The trial court found that Ralphs had not violated the applicable wage order because the evidence showed that even when lulls occurred in a cashier’s primary duties, the cashiers were still required to move about the store fulfilling various other tasks.

La Face appealed, but the panel affirmed.

Under California law, the right to a jury trial may be afforded by statute or pursuant to the state constitution, which preserves the right as it existed at common law in 1850. Courts look to the “gist” of the action to determine whether a jury right is available, the panel explained, “whether the nature of the rights involved and the facts of the particular case show that it is legal and therefore cognizable at law.”

La Face took the position that PAGA actions are for civil penalties (traditionally tried to juries) and arise out of the employment relationship, akin to common law causes of action for breach of contract.

Alternatively, Ralphs argued that no right to a jury trial exists because PAGA is a modern statutory innovation unknown at common law, PAGA plaintiffs act as proxies for the state and the penalties that serve as remedies are subject to equitable considerations at the court’s discretion.
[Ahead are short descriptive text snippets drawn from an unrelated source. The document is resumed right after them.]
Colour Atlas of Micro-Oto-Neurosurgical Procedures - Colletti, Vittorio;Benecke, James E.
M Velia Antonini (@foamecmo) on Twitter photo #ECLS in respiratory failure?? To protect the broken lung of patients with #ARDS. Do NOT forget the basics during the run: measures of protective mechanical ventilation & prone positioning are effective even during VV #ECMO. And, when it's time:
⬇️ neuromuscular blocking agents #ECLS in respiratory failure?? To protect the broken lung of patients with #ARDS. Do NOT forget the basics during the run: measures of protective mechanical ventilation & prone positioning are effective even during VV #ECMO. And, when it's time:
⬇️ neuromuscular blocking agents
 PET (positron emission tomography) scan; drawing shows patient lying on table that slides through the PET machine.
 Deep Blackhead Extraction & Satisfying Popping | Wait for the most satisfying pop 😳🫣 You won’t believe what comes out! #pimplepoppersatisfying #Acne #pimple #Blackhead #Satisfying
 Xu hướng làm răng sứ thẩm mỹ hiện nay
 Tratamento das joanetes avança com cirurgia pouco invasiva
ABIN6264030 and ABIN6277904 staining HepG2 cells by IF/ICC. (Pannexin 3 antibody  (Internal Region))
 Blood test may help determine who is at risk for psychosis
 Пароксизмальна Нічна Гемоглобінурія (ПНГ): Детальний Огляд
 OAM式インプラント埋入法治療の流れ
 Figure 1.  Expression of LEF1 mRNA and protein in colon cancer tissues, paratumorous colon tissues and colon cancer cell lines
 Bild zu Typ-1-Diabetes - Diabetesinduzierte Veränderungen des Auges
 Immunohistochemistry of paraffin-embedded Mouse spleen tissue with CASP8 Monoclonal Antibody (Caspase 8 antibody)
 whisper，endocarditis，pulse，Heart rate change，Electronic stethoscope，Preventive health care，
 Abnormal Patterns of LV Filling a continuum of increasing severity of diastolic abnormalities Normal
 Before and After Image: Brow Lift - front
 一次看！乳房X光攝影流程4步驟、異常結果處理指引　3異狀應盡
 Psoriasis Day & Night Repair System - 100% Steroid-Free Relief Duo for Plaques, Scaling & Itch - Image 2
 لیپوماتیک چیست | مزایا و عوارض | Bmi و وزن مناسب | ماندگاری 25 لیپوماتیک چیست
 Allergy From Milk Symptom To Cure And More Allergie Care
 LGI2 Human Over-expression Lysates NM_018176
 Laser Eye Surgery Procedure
Relying on Iskanian v. CLS Transportation to emphasize that PAGA actions are representative actions on behalf of the state, the panel sided with the employer.

“PAGA plaintiffs stand in the shoes of the administrative agency and possess the same right and interest as it does,” the court wrote. “The nature of that right is administrative regulatory enforcement, which occurs in administrative proceedings and which is subject to judicial review without a jury trial right.”

The panel also analogized to other legislative creations (such as Proposition 65, the Unfair Competition Law and the False Advertising Law) for the principle that although PAGA provides for monetary penalties, it also permits courts to award less than the maximum penalty authorized “if, based on the facts and circumstances of the particular case, to do otherwise would result in an award that is unjust, arbitrary and oppressive, or confiscatory.”

These equitable factors weigh against the existence of a jury trial right, the court said.

“We understand [La Face’s] contention that PAGA is just another action for a civil penalty and therefore an action at law triable by a jury,” the panel wrote. “But … PAGA is not a garden variety civil penalty action. Instead, it contains several unique features that we conclude make it unlike any pre-1850 common law action and therefore unsuitable for a trial by jury.”

First, PAGA is a civil action only in the sense that its designated forum is the trial courts.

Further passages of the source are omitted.